Prompt —
Go through the entries below and return every line that contains "Casa".
★ ★ ★
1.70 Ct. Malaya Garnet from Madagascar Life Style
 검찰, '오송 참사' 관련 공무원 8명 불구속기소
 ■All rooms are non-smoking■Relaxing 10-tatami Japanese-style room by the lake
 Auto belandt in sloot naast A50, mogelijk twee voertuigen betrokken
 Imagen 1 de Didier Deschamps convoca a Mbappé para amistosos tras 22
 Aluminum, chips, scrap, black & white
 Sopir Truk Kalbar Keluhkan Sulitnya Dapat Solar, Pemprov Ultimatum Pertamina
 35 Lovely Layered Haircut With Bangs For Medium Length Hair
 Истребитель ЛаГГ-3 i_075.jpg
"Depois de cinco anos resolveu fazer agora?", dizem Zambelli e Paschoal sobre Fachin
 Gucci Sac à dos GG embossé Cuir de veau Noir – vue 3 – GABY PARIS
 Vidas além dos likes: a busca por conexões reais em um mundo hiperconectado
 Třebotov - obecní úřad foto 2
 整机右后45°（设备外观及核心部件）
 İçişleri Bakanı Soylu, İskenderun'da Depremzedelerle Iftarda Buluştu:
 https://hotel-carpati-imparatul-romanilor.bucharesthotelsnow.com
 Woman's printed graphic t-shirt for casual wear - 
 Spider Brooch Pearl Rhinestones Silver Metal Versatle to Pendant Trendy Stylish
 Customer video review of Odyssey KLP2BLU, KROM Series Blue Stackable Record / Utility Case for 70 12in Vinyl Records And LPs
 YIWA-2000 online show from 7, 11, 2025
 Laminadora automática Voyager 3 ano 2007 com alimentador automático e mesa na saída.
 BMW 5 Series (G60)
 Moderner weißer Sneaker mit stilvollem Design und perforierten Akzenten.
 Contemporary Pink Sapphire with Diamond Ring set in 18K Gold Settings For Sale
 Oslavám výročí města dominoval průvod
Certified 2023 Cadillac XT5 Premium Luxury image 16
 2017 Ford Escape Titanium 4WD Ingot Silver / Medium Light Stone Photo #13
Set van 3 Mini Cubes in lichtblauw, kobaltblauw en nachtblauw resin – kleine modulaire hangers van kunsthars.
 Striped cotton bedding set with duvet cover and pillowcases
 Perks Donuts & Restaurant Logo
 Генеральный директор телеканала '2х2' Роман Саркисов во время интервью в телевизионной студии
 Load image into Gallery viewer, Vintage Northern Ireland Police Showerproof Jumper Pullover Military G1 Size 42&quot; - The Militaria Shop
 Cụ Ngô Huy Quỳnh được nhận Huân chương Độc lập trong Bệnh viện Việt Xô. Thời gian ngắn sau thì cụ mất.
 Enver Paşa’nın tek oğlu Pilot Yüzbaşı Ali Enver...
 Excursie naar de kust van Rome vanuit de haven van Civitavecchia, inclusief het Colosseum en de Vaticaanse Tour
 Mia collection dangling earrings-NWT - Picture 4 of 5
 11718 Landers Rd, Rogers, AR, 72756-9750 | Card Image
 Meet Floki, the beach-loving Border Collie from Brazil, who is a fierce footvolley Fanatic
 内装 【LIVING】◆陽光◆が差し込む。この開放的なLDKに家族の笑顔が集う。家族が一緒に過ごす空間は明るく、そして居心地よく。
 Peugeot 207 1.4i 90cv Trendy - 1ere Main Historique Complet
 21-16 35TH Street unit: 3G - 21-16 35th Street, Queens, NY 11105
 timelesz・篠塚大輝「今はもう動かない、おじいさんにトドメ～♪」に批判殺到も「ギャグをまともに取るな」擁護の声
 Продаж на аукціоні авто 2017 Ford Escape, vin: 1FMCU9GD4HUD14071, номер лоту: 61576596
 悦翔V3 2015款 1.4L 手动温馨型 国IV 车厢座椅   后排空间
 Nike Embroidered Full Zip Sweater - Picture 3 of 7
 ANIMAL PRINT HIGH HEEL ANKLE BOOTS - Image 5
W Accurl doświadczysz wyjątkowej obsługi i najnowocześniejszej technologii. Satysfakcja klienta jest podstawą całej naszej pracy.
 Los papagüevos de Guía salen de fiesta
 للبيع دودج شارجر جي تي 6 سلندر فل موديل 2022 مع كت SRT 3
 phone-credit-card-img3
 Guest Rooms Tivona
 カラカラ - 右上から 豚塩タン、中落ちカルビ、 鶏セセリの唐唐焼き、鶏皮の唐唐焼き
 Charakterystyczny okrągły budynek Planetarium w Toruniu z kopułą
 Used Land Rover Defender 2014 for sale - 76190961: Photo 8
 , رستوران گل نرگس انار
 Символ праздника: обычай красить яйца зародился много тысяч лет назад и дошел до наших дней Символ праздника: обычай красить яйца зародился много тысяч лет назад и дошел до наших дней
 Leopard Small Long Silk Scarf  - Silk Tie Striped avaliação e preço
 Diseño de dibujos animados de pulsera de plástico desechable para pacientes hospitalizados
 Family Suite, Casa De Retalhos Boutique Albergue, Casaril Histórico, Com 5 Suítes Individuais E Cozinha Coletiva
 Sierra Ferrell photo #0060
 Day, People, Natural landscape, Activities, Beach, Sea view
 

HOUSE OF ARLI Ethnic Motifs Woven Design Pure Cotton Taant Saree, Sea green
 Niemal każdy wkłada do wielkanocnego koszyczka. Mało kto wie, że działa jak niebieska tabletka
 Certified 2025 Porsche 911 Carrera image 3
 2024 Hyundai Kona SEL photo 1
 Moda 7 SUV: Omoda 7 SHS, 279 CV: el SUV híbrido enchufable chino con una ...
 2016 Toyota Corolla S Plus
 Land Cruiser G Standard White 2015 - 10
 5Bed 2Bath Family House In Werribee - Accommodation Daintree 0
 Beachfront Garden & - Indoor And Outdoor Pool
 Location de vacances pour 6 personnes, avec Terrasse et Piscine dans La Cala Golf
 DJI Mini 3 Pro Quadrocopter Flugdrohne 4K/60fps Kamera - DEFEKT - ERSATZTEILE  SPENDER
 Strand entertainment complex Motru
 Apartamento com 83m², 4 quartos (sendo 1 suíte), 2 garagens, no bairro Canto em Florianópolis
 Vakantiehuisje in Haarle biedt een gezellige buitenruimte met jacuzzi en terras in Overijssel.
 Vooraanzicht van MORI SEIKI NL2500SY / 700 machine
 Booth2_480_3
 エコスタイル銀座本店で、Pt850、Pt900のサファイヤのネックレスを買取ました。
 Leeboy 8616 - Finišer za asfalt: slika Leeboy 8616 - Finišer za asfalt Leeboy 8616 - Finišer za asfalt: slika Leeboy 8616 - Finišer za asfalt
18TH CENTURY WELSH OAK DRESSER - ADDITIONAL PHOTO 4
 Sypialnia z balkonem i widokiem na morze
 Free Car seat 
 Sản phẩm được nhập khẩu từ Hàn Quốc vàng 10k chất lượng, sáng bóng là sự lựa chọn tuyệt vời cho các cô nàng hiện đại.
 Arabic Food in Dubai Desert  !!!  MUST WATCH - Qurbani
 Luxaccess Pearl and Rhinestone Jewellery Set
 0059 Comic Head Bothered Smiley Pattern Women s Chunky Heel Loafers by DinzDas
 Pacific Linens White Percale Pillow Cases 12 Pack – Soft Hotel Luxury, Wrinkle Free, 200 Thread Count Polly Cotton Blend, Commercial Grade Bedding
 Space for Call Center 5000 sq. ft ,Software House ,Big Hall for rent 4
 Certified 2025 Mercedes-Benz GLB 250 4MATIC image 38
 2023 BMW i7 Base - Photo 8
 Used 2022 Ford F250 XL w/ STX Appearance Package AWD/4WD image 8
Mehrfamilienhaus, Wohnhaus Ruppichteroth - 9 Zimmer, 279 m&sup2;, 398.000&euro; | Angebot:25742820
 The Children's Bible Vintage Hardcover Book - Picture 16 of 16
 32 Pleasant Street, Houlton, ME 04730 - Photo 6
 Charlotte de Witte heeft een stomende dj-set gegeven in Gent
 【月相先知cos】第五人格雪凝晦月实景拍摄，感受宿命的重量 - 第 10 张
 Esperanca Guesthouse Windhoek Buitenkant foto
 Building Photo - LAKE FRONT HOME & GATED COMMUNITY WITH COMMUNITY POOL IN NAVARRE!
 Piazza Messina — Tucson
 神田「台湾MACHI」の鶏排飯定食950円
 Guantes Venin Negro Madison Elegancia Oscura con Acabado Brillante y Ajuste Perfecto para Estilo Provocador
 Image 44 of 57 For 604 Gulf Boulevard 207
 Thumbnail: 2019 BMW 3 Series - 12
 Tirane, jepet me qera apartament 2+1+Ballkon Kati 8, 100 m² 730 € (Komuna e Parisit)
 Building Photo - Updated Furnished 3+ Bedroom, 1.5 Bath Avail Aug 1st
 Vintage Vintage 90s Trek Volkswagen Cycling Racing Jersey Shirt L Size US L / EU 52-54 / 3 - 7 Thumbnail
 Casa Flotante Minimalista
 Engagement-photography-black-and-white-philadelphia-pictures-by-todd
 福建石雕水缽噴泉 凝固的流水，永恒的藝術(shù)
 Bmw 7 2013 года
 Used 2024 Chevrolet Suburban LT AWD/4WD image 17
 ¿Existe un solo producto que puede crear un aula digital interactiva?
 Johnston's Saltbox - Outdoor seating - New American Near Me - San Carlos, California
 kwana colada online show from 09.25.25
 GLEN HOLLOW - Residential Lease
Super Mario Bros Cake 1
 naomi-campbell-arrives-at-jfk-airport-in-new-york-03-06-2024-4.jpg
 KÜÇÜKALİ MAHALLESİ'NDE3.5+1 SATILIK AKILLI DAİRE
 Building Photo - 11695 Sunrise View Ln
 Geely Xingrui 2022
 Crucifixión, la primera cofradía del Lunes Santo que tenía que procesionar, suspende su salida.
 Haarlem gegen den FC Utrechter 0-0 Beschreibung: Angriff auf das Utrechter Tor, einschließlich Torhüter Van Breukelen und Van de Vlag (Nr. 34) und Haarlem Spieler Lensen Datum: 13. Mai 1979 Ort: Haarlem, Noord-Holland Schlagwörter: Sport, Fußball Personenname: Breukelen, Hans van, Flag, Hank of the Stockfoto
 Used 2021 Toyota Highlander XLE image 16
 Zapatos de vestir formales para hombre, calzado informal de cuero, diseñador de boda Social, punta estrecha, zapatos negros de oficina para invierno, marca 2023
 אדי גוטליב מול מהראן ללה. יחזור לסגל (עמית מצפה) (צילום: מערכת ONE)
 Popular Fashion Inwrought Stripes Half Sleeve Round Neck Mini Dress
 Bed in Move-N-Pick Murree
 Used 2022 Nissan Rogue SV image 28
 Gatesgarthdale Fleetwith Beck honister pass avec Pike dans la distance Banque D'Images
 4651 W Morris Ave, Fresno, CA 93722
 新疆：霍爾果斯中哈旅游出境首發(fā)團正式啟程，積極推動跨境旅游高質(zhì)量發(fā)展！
★ ★ ★
Solved problem —
 Family Suite, Casa De Retalhos Boutique Albergue, Casaril Histórico, Com 5 Suítes Individuais E Cozinha Coletiva
 Casa Flotante Minimalista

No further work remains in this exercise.